I talk to God everyday, that’s my bestie
– Her gün Tanrı’yla konuşuyorum, bu benim en iyi arkadaşım.
They playin’ soccer in my backyard, I think I see Messi
– Arka bahçemde futbol oynuyorlar, sanırım Messi’yi görüyorum.
And this money could never neglect me
– Ve bu para beni asla ihmal edemez
I pray that my family they never resent me
– Ailemin Bana asla kızmaması için dua ediyorum.
And she fell in love with me as soon she met me
– Ve benimle tanışır tanışmaz bana aşık oldu.
We both got it bad mama, bag is more heavy
– İkimiz de fena yakaladık anne, çanta daha ağır
We have to start countin’, it’s gettin’ too petty
– Saymaya başlamalıyız, gittikçe küçülüyor.
You not a real stepper, you can’t overstep me
– Sen gerçek bir stepçi değilsin, beni geçemezsin.

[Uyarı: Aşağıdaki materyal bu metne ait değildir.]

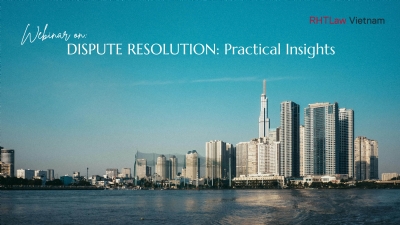 Key Insights and Practical Recommendation - Webinar: Dispute Resolution in Vietnam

Just sit back and listen and watch how he bless me
– Arkana yaslan ve dinle ve beni nasıl kutsadığını izle
He wait ’til I fall and then pull up and catch me
– Düşene kadar bekler ve sonra yukarı çeker ve beni yakalar.

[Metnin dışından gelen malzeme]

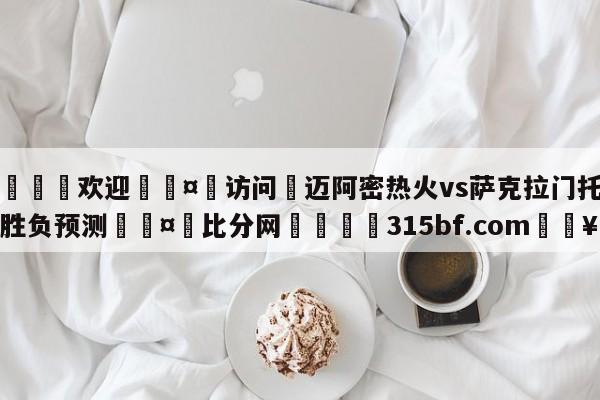 🍏欢迎🤸访问⚽迈阿密热火vs萨克拉门托国王胜负预测🤟比分网🛑315bf.com🥚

Your check is too small, you can’t run up and check me
– Çekiniz çok küçük, koşup beni kontrol edemezsiniz.
Nah, nah, I get ’em fast, see
– Hayır, hayır, çabuk alıyorum, gördün mü?

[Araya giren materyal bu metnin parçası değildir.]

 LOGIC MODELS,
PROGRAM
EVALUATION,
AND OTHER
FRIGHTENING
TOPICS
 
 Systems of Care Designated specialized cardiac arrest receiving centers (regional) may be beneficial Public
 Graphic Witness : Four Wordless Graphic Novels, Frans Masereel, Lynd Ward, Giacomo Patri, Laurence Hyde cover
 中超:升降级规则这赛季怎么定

You feel a way, then go pull up and get me
– Bir yolunu bulursan, git Yukarı çek ve Beni Al.
Might do somethin’ wild if I feel like you press me
– Bana baskı yapıyormuş gibi hissedersem çılgınca bir şey yapabilirim.
Nah, I get ’em fast, see
– Hayır, çabuk alırım, gördün mü?
You feel a way, then go pull up and get me
– Bir yolunu bulursan, git Yukarı çek ve Beni Al.
Might do somethin’ wild if I feel like you press me
– Bana baskı yapıyormuş gibi hissedersem çılgınca bir şey yapabilirim.
We off the grid, grid, grid
– Izgara, ızgara, ızgara yaptık
This for my kid, kid, kid
– Bu çocuğum, çocuğum, çocuğum için.
For when my kid kid kids have kids
– Çocuğumun çocukları olduğunda
Everything we did for the crib
– Beşik için yaptığımız her şey
Pray for what folks them did
– Yaptıkları için dua edin.
Only thing we pray God forgive-give-give
– Tanrı’ya dua ettiğimiz tek şey bağışla-ver-ver
May God forbid-bid-bid
– Tanrı korusun-teklif-Teklif
He hit one of the kids, kids, kids
– Çocuklardan birine vurdu, çocuklar, çocuklar
Took off his list, list, list
– Listesini, listesini, listesini çıkardı.
Look what they did, did, did
– Ne yaptılar, yaptım, yaptım bak
Pray for the crib, crib, crib
– Beşik, beşik, beşik için dua et
Some say A-a-adam could never be bla-a-ack
– Bazıları A-A-Adam’ın asla bla-a-ack olamayacağını söylüyor.
‘Cause a black man’ll never share his rib, rib, rib, rib, rib, rib
– Çünkü siyah bir adam asla kaburgasını, kaburgasını, kaburgasını, kaburgasını, kaburgasını paylaşmaz.

Kanye West – Off The Grid İngilizce Şarkı Sözleri Türkçe Anlamları
yazarı:
Etiketler:
Bir yanıt yazın
Yorum yapabilmek için oturum açmalısınız.